Hij merkte in die kamer ook een lijstje op dat boven de pendule hing. Dit behelsde het programma van hetgeen hij dagelijks had te doen. Het bevatte, van des morgens acht ure af, op welk uur Phileas Fogg opstond, tot half twaalf, wanneer hij zich naar de Reform-club begaf om te ontbijten, alle bijzonderheden van den dienst: thee en geroosterd brood ten acht ure drie en twintig minuten; scheerwater ten negen ure zeven en dertig, het haar in orde brengen ten negen ure vijftig enz. Van half twaalf des voormiddags tot twaalf ure 's nachts, op welk uur de stelselmatige Engelschman zich te rust begaf, was alles bepaald, voorzien en geregeld. Passepartout had er pleizier in dit programma te bestudeeren en de verschillende punten er van in zijn geheugen te prenten.

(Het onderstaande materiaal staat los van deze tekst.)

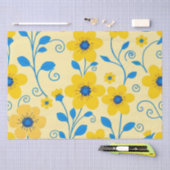 バターイエローとブルーのフローラ 薄葉紙 (クラフト)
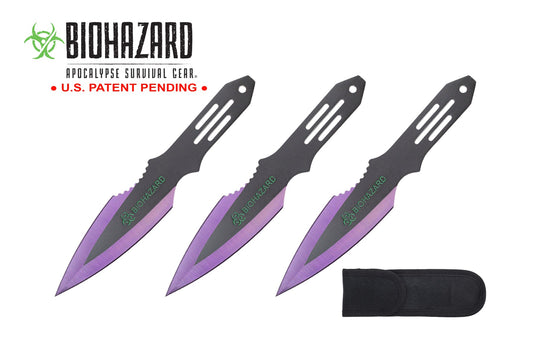 6.5-inch 3pc Set Purple   Black Blade Thrower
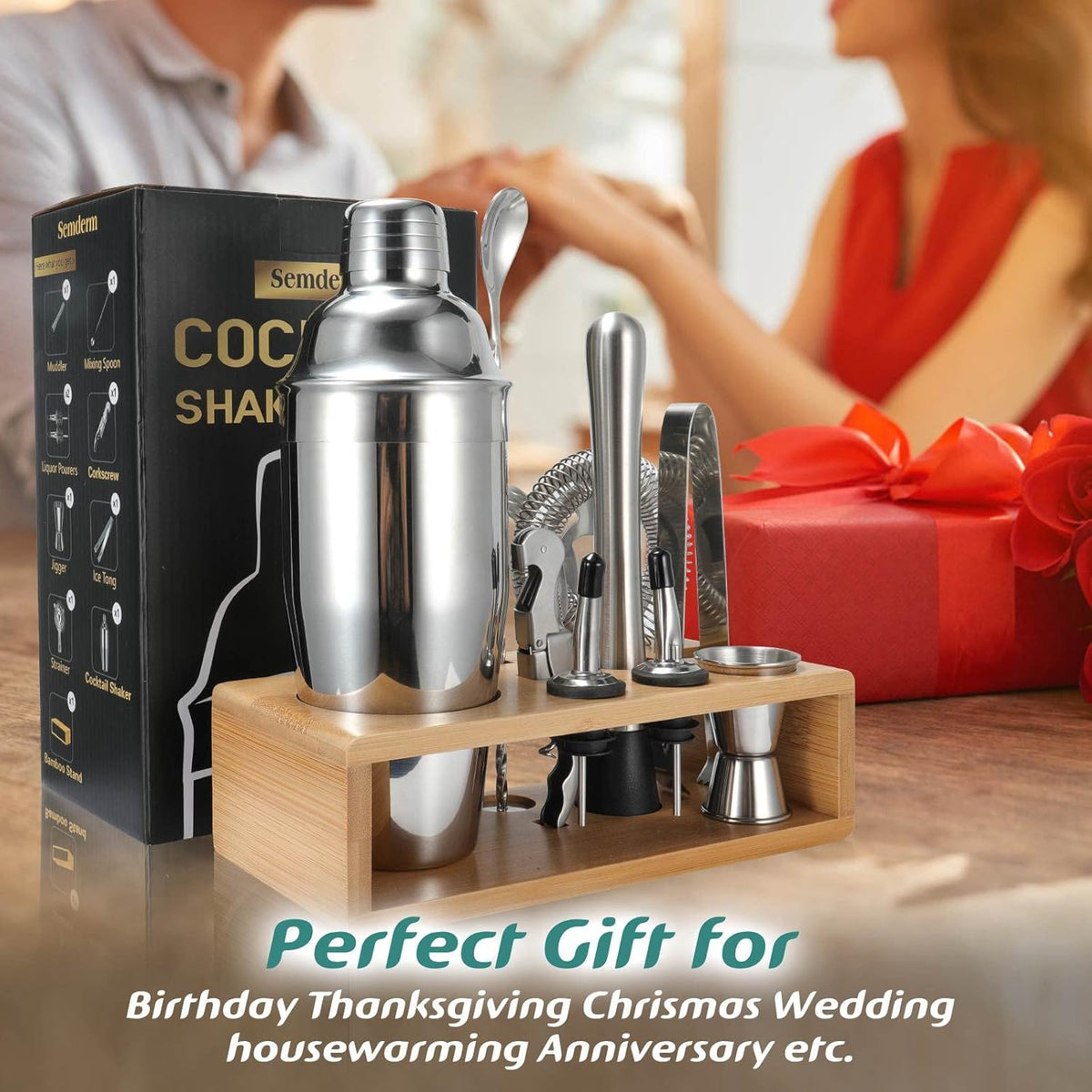 Cocktail Shaker Set, Mixology Bartender Kit 10-Piece Bar Tool Set with Stylish Bamboo Stand, Bar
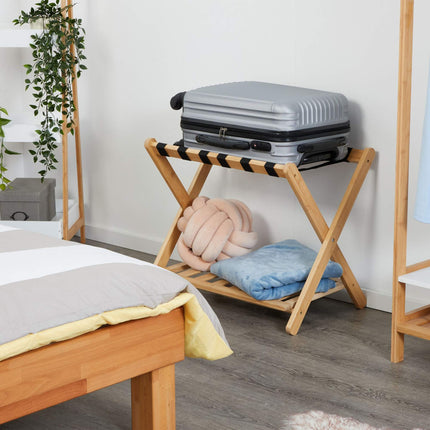 Bamboo suitcase stand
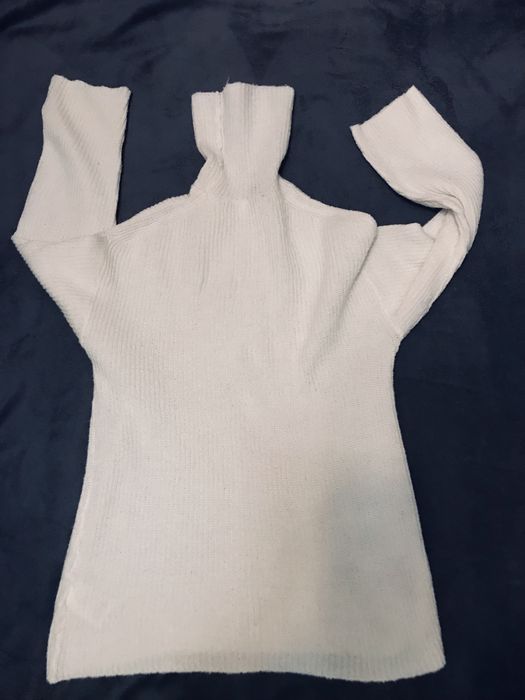 Biały damski prążkowany golf h&m r. XS
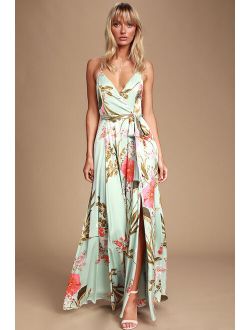 Still the One Sage Green Floral Print Satin Maxi Dress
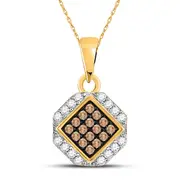 10k Yellow Gold Round Brown Diamond Diagonal Square Pendant 1/4 Cttw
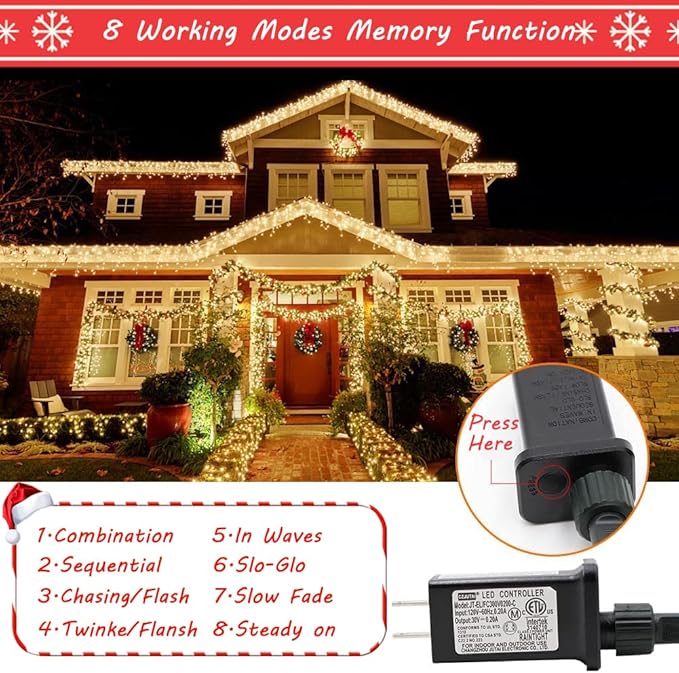 realization Christmas Lights Outdoor, 105FT 300 LED String Lights Indoor with 8 Modes, End-to-End Plug, UL Certified, Waterproof Fairy Lights for Xmas Tree Decorations Garden Party (Warm White)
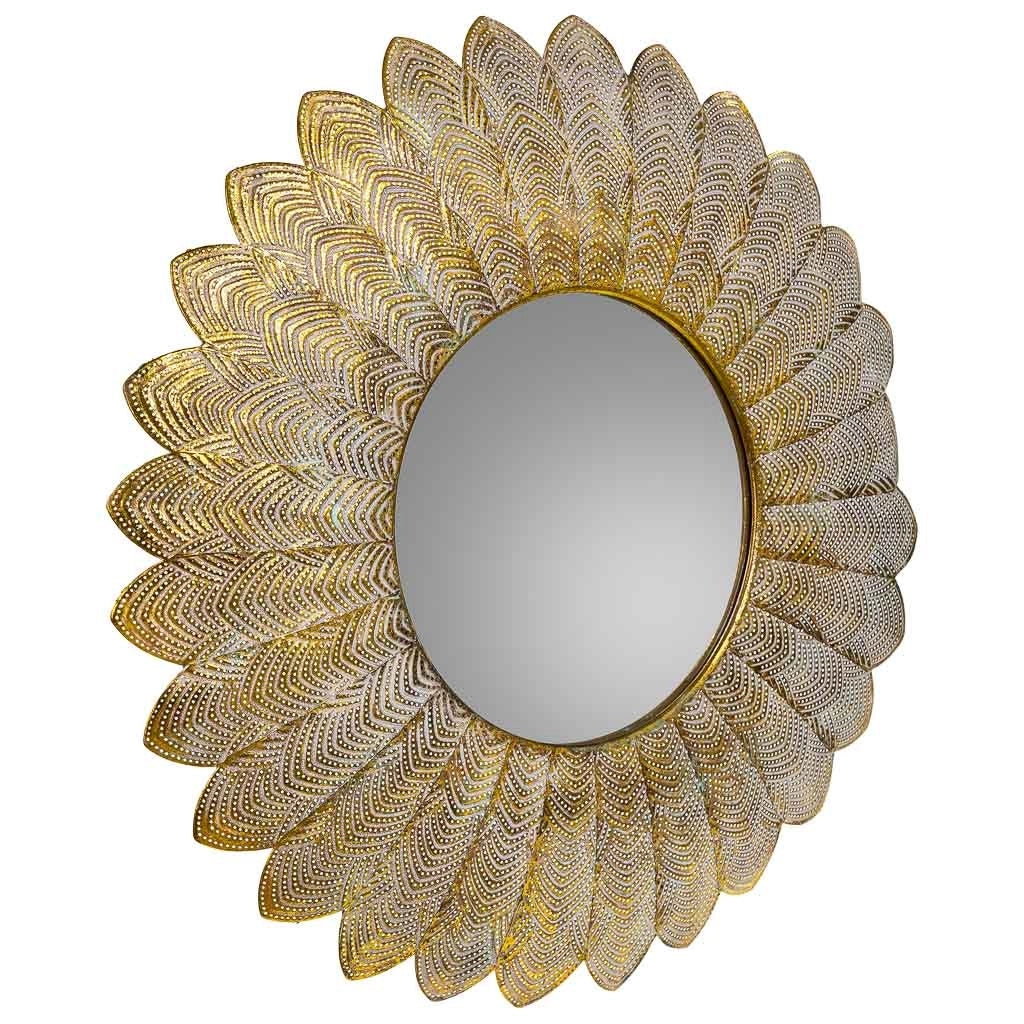 Specchio da parete in metallo dorato 72,5x4,5x72,5h
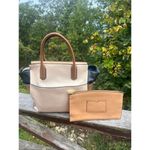 Reed Tote/Shoulder Color Block Faux Leather with small Organizer Bag Black Photo 1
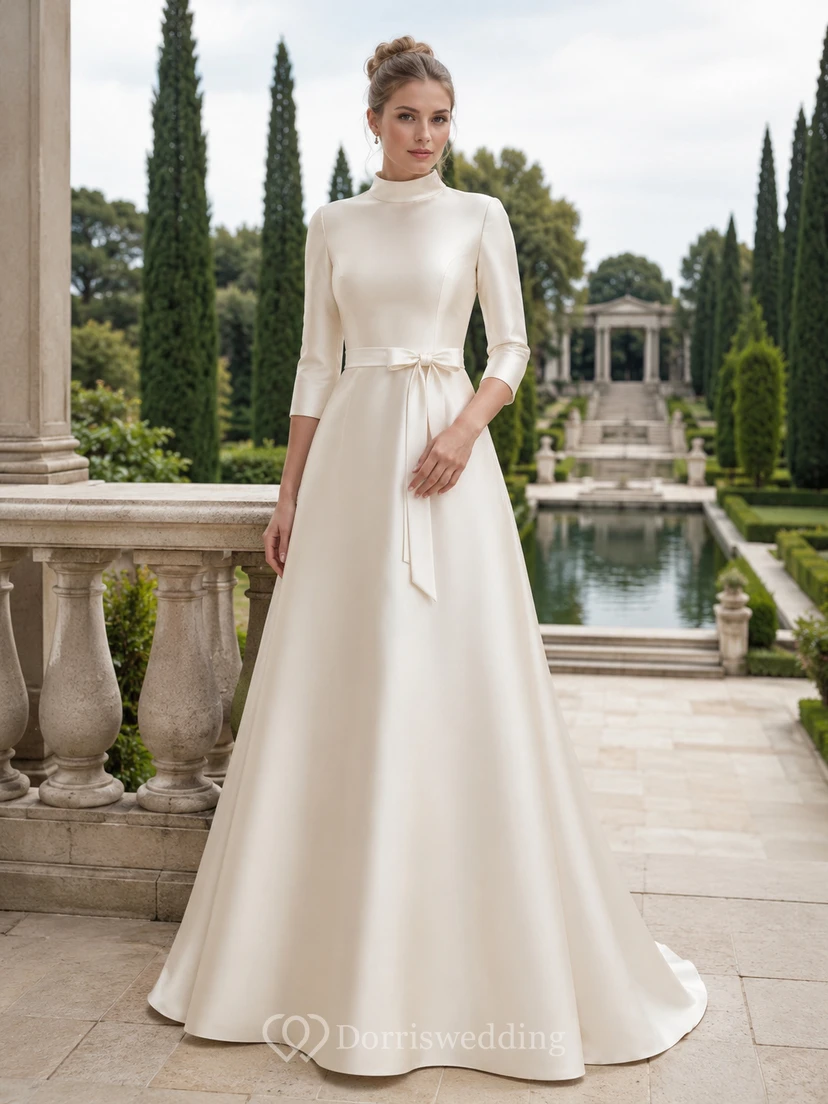 Robe de mariée Temple Garden en satin à col montant et coupe trapèze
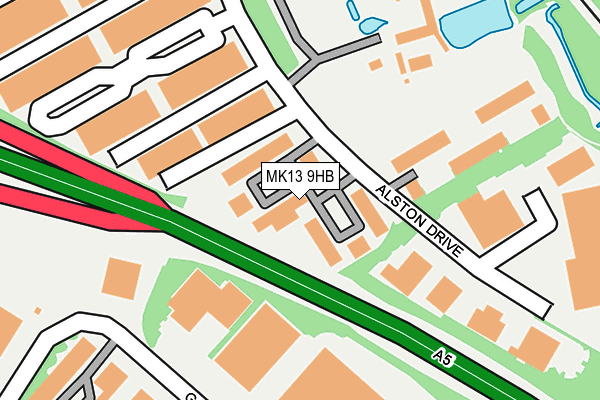 MK13 9HB map - OS OpenMap – Local (Ordnance Survey)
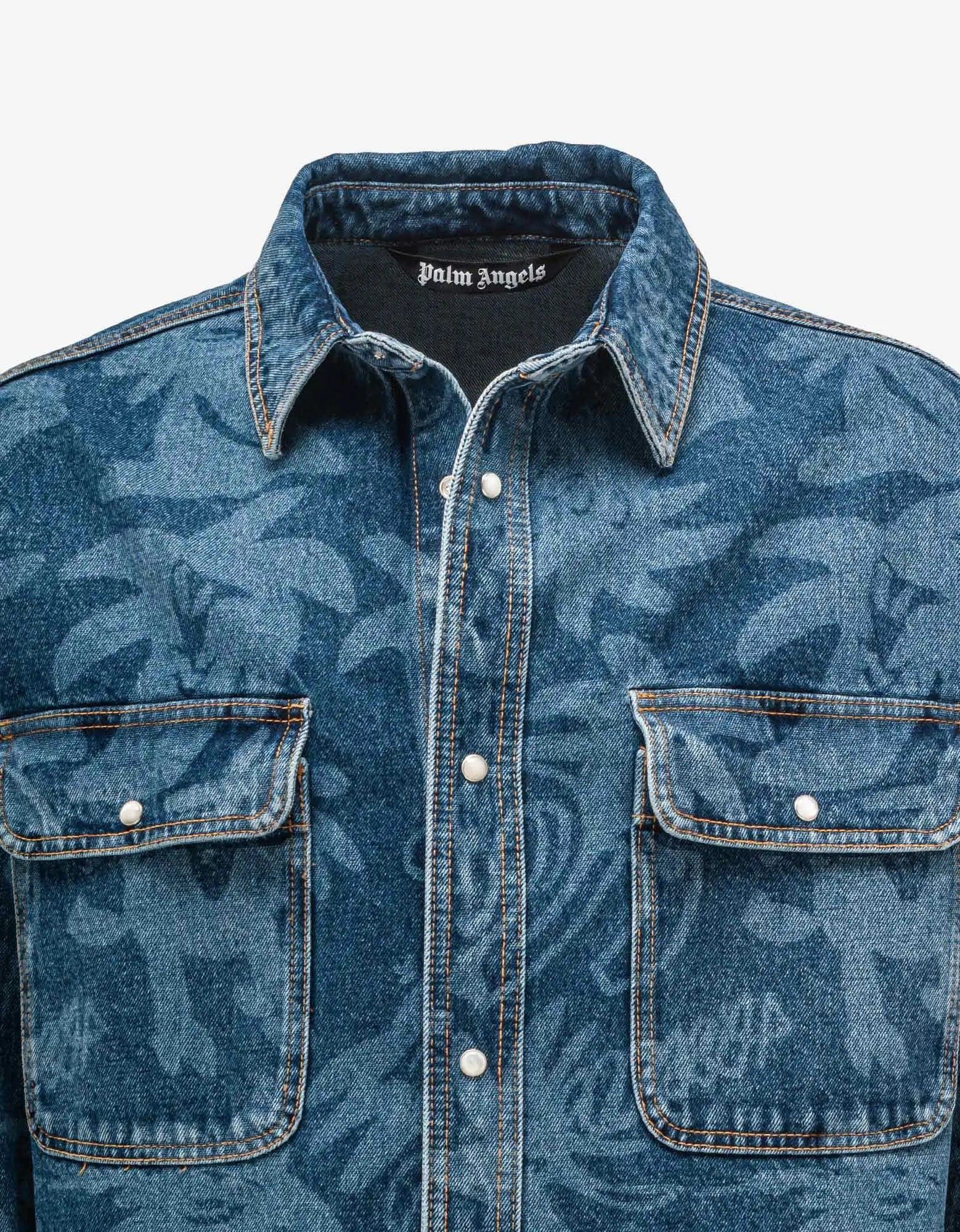 Palm Angels Palm Angels Blue Palmity All-over Laser Denim Shirt Size US M / EU 48-50 / 2 - 3 Thumbnail
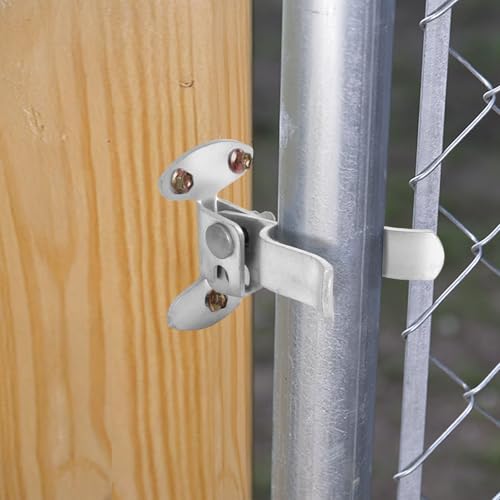 1-3/8" Wall Mount (Flat Back) Fork Gate Latch with Padlock Hole & Hardware, Galvanized Steel， for Chain Link Fence Gate, Wood Post and Outdoor Farm Gate (Silver) - color: Silver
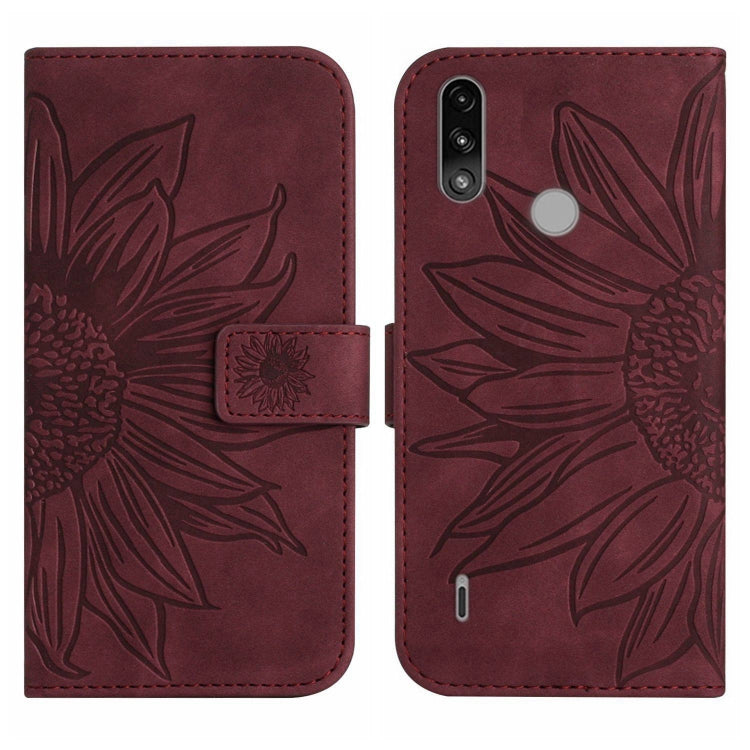 For Motorola Moto E7 Power/E7i Power Skin Feel Sun Flower Pattern Flip Leather Phone Case with Lanyard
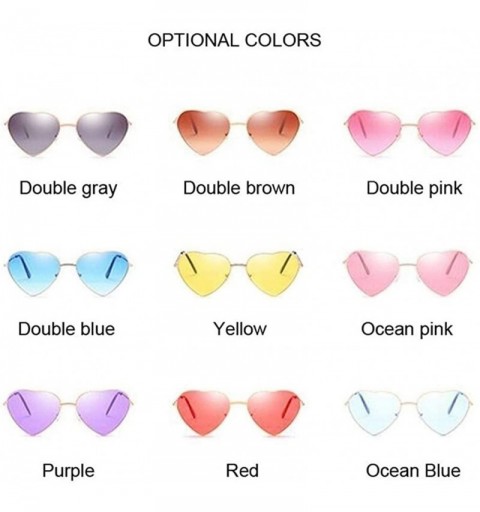 Cat Eye Retro Cat Eye Heart Sunglasses Women Metal Frame Mirror UV400 Sun Glasses Female Brand Designer Vintage - Purple - C7...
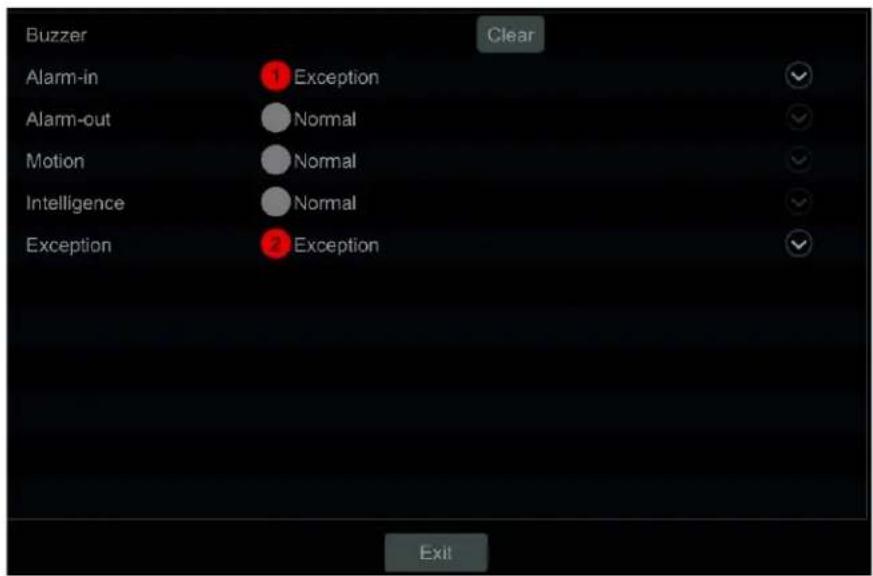 Buzzer Clear Alarm-in ① Exception Alarm-out ② Normal Motion ③ Normal Intelligence ④ Normal Exception ⑤ Exception Exit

Het spraakzame, openhartige karakter van den knecht was niet geheel in overeenstemming met dat van Phileas Fogg; men zou de waarheid te kort doen, zoo men dit beweerde. Maar was Passepartout de man, zoo stipt en nauwgezet, als zijn meester vorderde? Dit zou uit de ondervinding blijken. Na zijne min of meer onstuimige jeugd, verlangde hij bovenal naar rust. Daar hij de stelselmatigheid van de Engelschen en hunne spreekwoordelijke kalmte had hooren roemen, was hij naar Engeland overgekomen om daar zijn fortuin te beproeven. Tot dusverre echter was het lot hem niet bijzonder gunstig geweest. Nergens had hij zijn anker voor goed kunnen neerleggen. Hij had wel tien meesters gehad. Overal was men grillig, onbestendig, jaagde men de avonturen na of ging men gedurig op reis, wat Passepartout volstrekt niet naar den zin was. Zijn laatste meester, de jonge lord Longsferry, lid van het Parlement, kwam vaak, na den nacht in de oester-huizen van Haymarket te hebben doorgebracht, op de schouders van politie-agenten te huis. Daar Passepartout in de eerste plaats achting voor zijn meester wilde gevoelen, had hij eenige eerbiedige opmerkingen gewaagd, die slecht werden opgenomen; het gevolg was, dat hij heenging. Toen vernam hij dat de heer Phileas Fogg esq. een bediende zocht. Hij won inlichtingen omtrent dezen in. Een man, wiens levenswijze zoo regelmatig was, die altijd des nachts te huis sliep, die niet op reis ging, die nooit, zelfs geen dag, afwezig was, moest wel in zijn geest vallen. Hij bood zich dus aan en werd aangenomen op de wijze, als wij mededeelden.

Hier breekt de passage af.